Saturday, October 7, 2017

What's Up

I'm doing more finger work than leg work (or hand & arm work if sitting in a boat), but at least I entertain thoughts about what's up.

Spoke to Joe Landolfi this afternoon. He wants to fish Monday, but has a big project offer that will earn him a lot of cash. Just so happens, a friend of his from Lake Hopatcong died and his wake is Monday. So Joe is seriously considering forgoing all that cash (I won't say), fishing there with me, then going to the wake.

If we do go, good luck to both of us with this summer weather. I'm writing as midnight approaches, and it's in the 70's outside. Otherwise, I want to fish alone on Monday. Musconetcong River Valley. Not the river proper, but if I can find a tributary with wild trout, I want to at least approach some with my two-weight fly rod.

Our state of New Jersey offers real Americana to appreciate. When I go on road trips--to the Musconetcong Valley, for example--I really feel it.

Wednesday, October 4, 2017

The Line on Hybrid Stripers and Walleye

The Bottom Line on Hybrid Stripers and Walleye

By Bruce Edward Litton

          I never forget the first time my son and I tried weighting live herring along the bottom edge of a Lake Hopatcong drop-off in October 2007, but I don’t remember if we got clued in by secondhand information or the rig seemed obvious. A half-ounce egg sinker ahead of a small barrel swivel and a four-foot, six-pound test leader of monofilament tied to a size 6 hook. The only change we’ve made since involves the use of size 10 treble hooks. I owned a topographic map, selected a sharp drop, used a fish finder to determine the edge between the slope and flat deep bottom, anchored shallower and cast our rigs to that edge. Sure enough, we caught good-size walleye of about four pounds.
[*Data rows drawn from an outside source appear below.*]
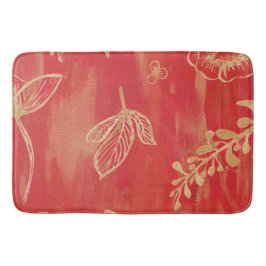 Tapete De Banheiro Floral de Dourada Água Vermelha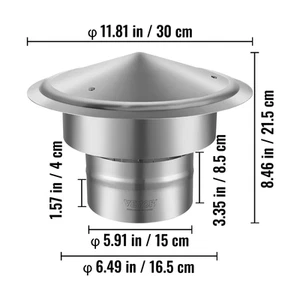 Succebuy Chimney Cap 6 Inch 304 Stainless Steel round Roof Rain Cap 11.81-Inch I - Picture 1 of 13
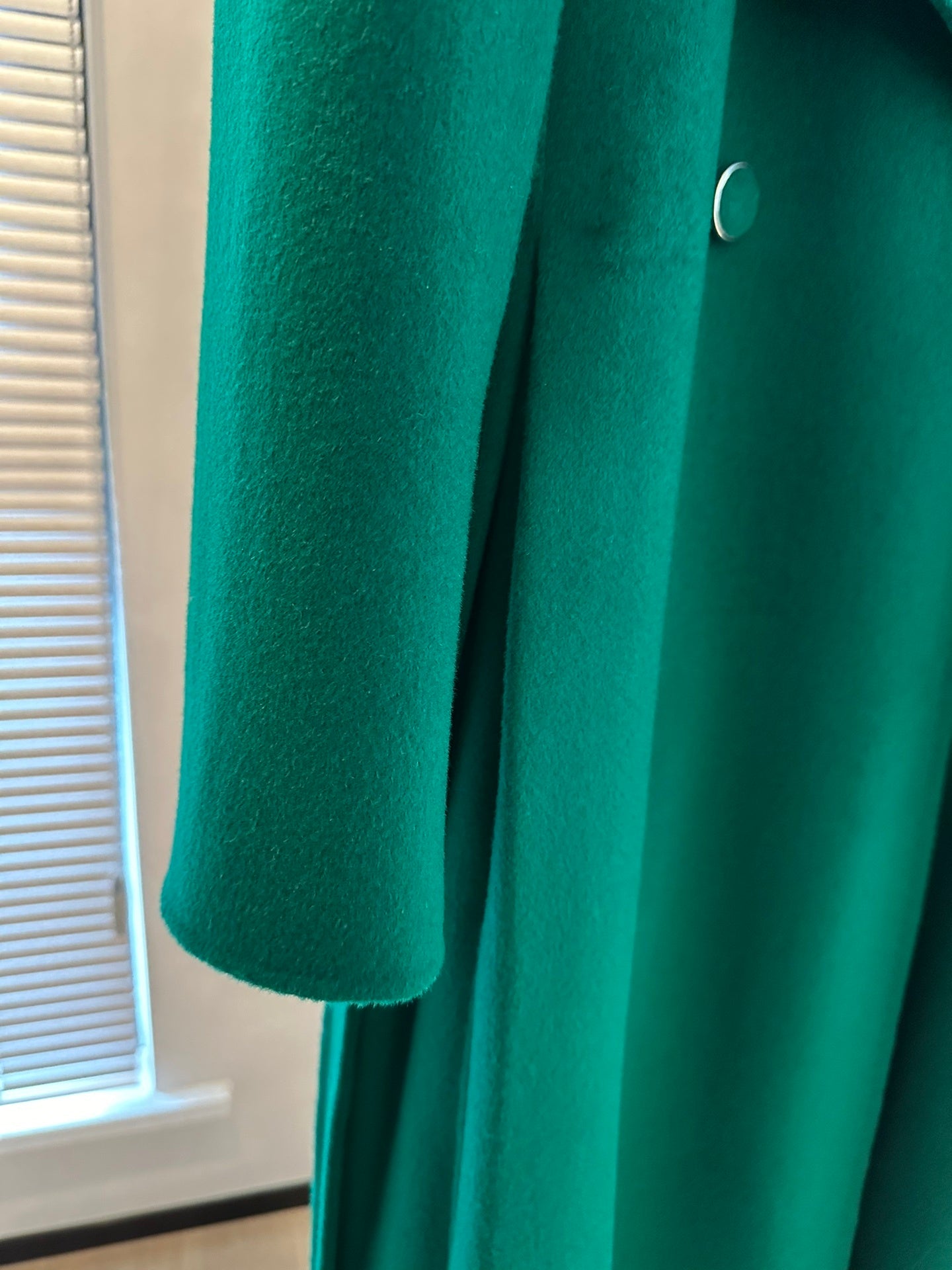 Green Double-Breasted Wool Coat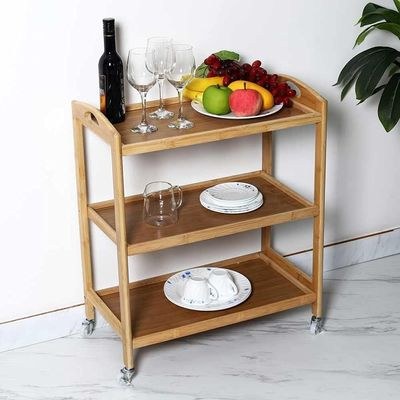 Rolling Cart, 3-Tier Multi-Purpose Storage Trolley, Organization Cart with Brake Caster Wheels, Rolling Food Serving Trolley, Storage Cart for Office, Home, Kitchen, Bedroom, Bathroom - Image 4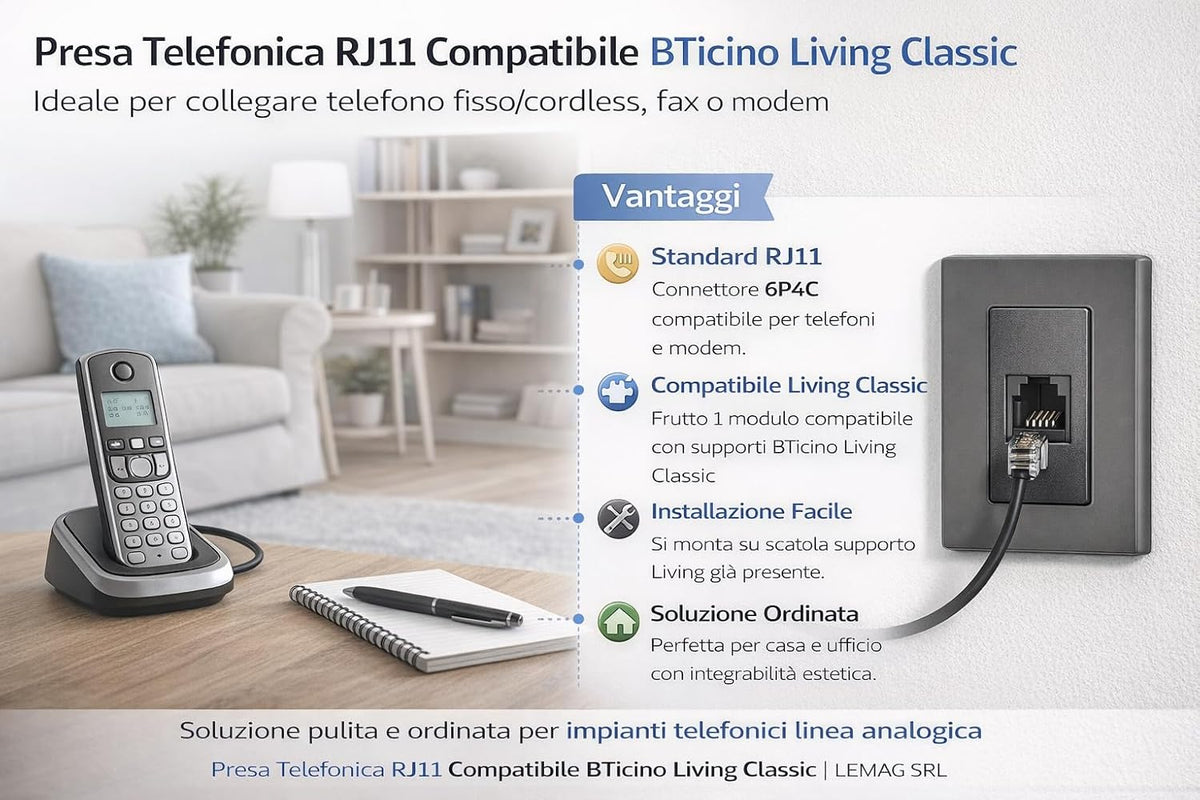 Presa Telefono RJ11 Compatibile BTicino Living Classic – Modulo 1 Posto per Placca Serie Living, Presa Telefonica RJ11 per Casa/Ufficio, Installazione Incasso - Lemag srl
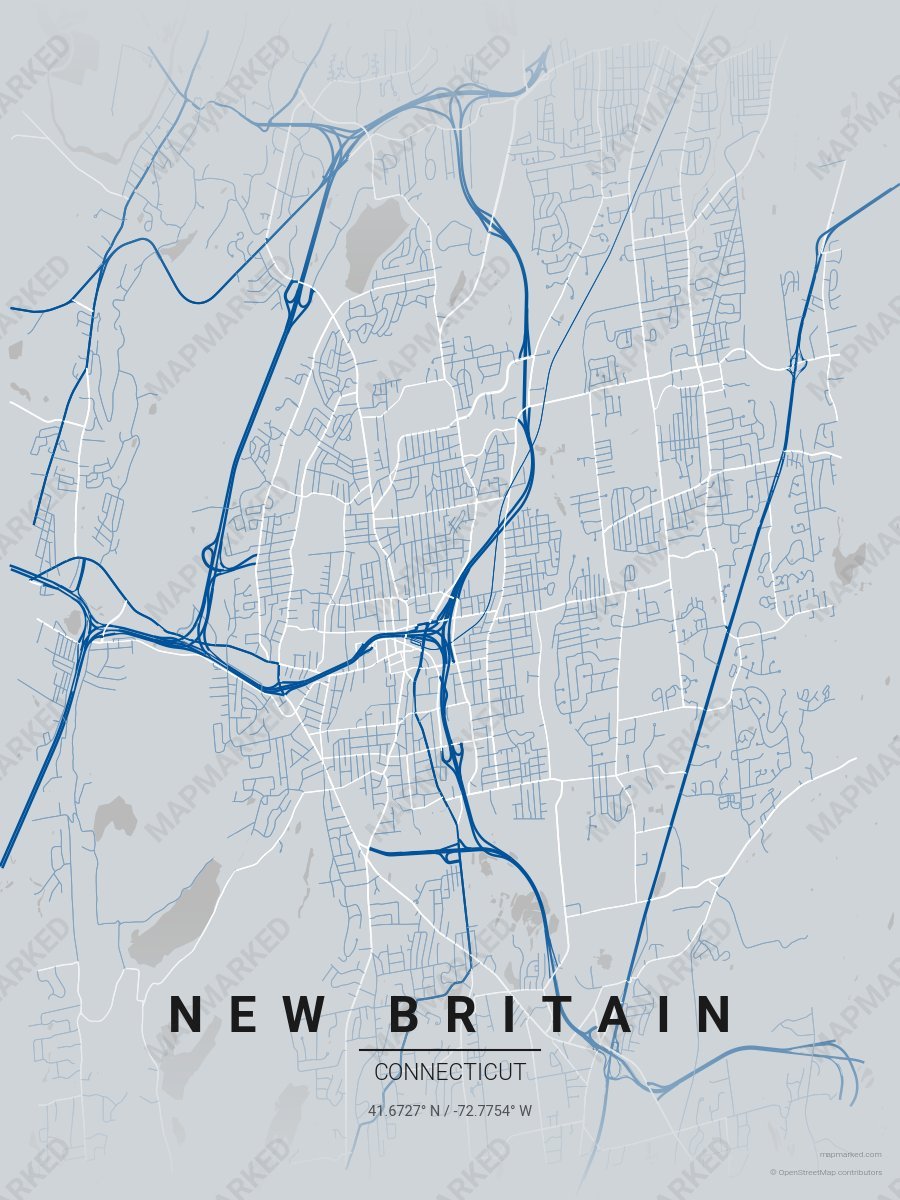 Silver, Blue & White Range style sample on New Britain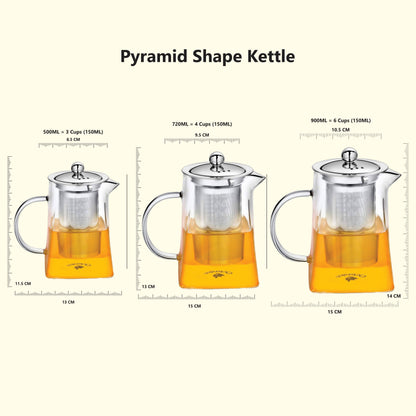 Pyramid Shaped Borosilicate Glass Kettle With Steel Infuser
          We kept coming back for more each third week of October. We’ve caught walleye every fall, and after a couple of years, began catching hybrid stripers along with them. On several occasions, a lot more stripers than marble eyes. Lake Hopatcong is not the only New Jersey destination for either species by the same method. Hybrids grow perhaps just as large in Spruce Run Reservoir and may be as numerous. Manasquan Reservoir features them also. Average size is about three pounds, fish slightly less than two pounds abundant, four-pounders common. I’ve caught a few five pounds and a little better, but so far, I’ve been jinxed at catching one of the six, seven, or eight-pound fish that so many of us read about in fishing reports, see photographed or catch ourselves. I’ve hooked and lost a few in this range and they fight like nothing else in freshwater. They just don’t leap as smallmouth bass do.

          Walleye inhabit Swartswood and Greenwood lakes, Monksville and Canistear reservoirs in addition to Hopatcong where they average about four pounds, six-pounders commonly caught with a number over eight pounds caught each year. We don’t catch loads of walleye less than two pounds as we do the bass, and though walleye do gather together in pods, the explanation for the catch discrepancy involves their not schooling in large numbers. On one occasion early in October, I witnessed fellow Knee Deep Club member Marty Roberts catch the last of about a hundred hybrids on one outing. He stayed anchored in a single spot, his fish alarm sounding off like Christmas bells.

          Many ways exist to catch both of these species and most of them cross over. In almost a decade, I’ve successfully used different approaches, but I like the bottom line of drop-offs in October best. I sit back and let the world unwind. Nothing else has been so relaxing and productive for these species. One caveat. Not all of the fish will cruise right along that bottom edge. In general, we set from 20 feet down to 45 feet, but throughout the month of October, be aware that on either Lake Hopatcong or Spruce Run Reservoir, fall turnover and oxygenation of the deepest water is not likely complete until the end of the month. We have marked fish as deep as 33 feet on October first, and yet as late as the third weekend, have witnessed herring dead reeled up from 40-foot depths. Your live bait is the canary in the coal mine, so check on it to avoid wasting effort.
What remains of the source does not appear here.